Isbel Diaz Torres
HAVANA TIMES – This past Tuesday, well before the established waiting time of one month had elapsed, I went to Terminal 2 of Havana’s Jose Marti International Airport to demand the return of my belongings, arbitrarily confiscated days before following my arrival from the United States, where I had taken part in the LASA Conference.
Waiting for more than two hours there was ultimately worth my while, for all of the electronic devices they had confiscated were returned to me (after their contents were inspected).
Coincidentally, the US Supreme Court has just ruled that the police will require a court order to inspect the contents of the cell phones owned by those arrested, and this ruling is likely to be applied to other electronic devices, such as portable computers.
If this is to apply to people who have been detained by authorities, I imagine the protection afforded to those who have committed no crimes will be greater still. I wonder what Cuba’s political police, accustomed to doing and undoing things as it pleases, think of this. What will our politicians, who sing praises to Cuba’s “intangible” democracy, say of this?
Of course, I am not so naive as to believe that this protective measure, announced by the US media, will be all-encompassing or that it will always be respected. US authorities have violated the rights of their citizens (and those of other countries, including presidents) on more than one occasion. They are the leaders in espionage.

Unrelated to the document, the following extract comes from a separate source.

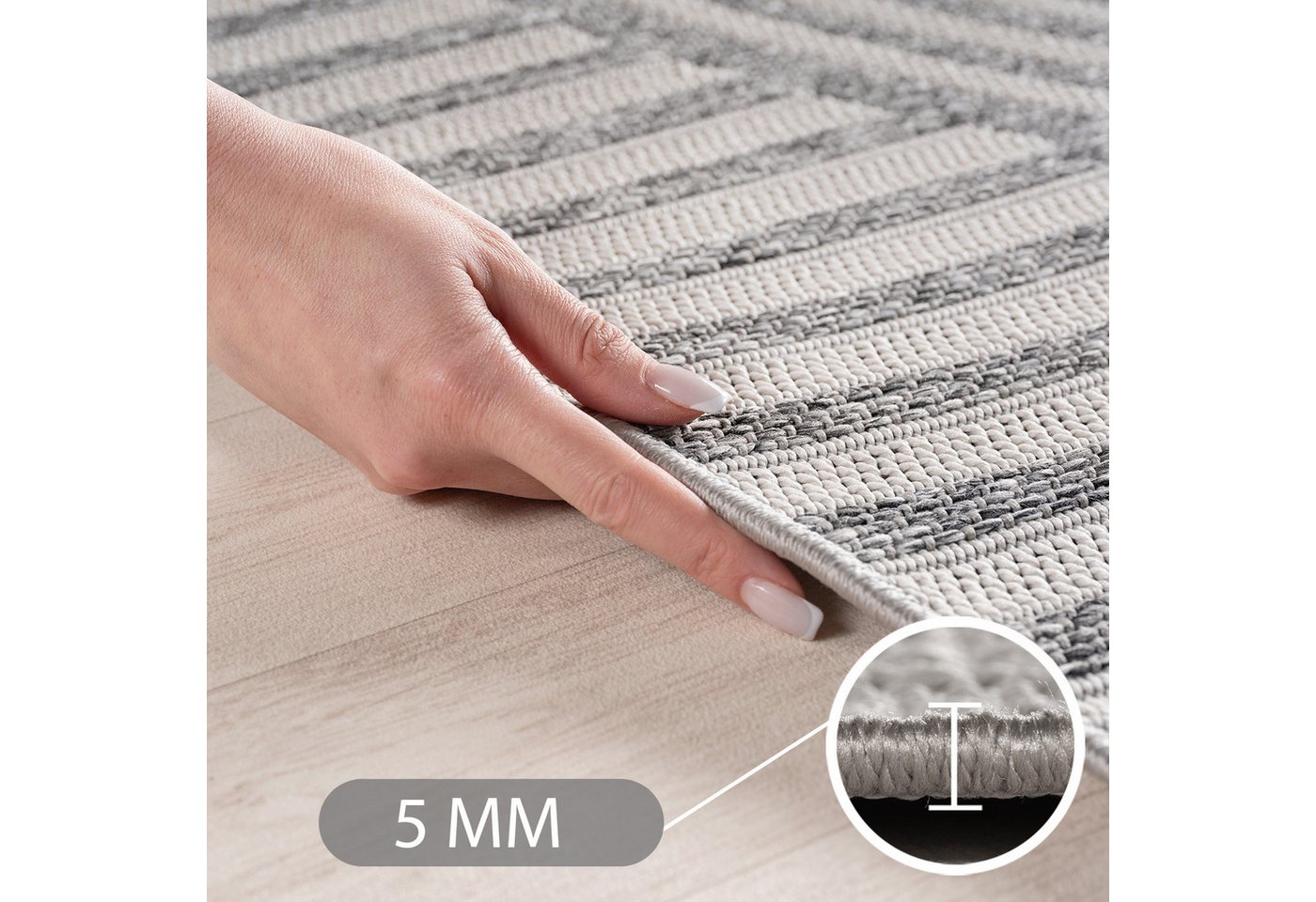 Carpettex Outdoorteppich Boho Flachgewebter Teppich, Rund, Höhe: 5 mm, Outdoor Teppich Wetterfest Modern Design Wohnzimmer Küchen Terrasse – Bild 4 von 5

Nevertheless, the important thing here is the existence of legal instruments designed to protect individuals, tools with which one can use in a lawful process, or that can serve as a point of departure for demanding one’s rights.
As we know, Cuban authorities do not respect the privacy of regular or electronic mail. They tap the phones of people who are of interest to them, even when these have committed – and probably will not commit – any crimes. They openly record the activities of people and groups and engage in other similar activities.
I know these practices aren’t novel anywhere in the world, but that doesn’t mean we should stand by and allow governments to stick their noses in our private lives. We should condemn this when the USA spies on Brazilian politicians or when the Cuban government is guilty of the same thing with LGBT activists.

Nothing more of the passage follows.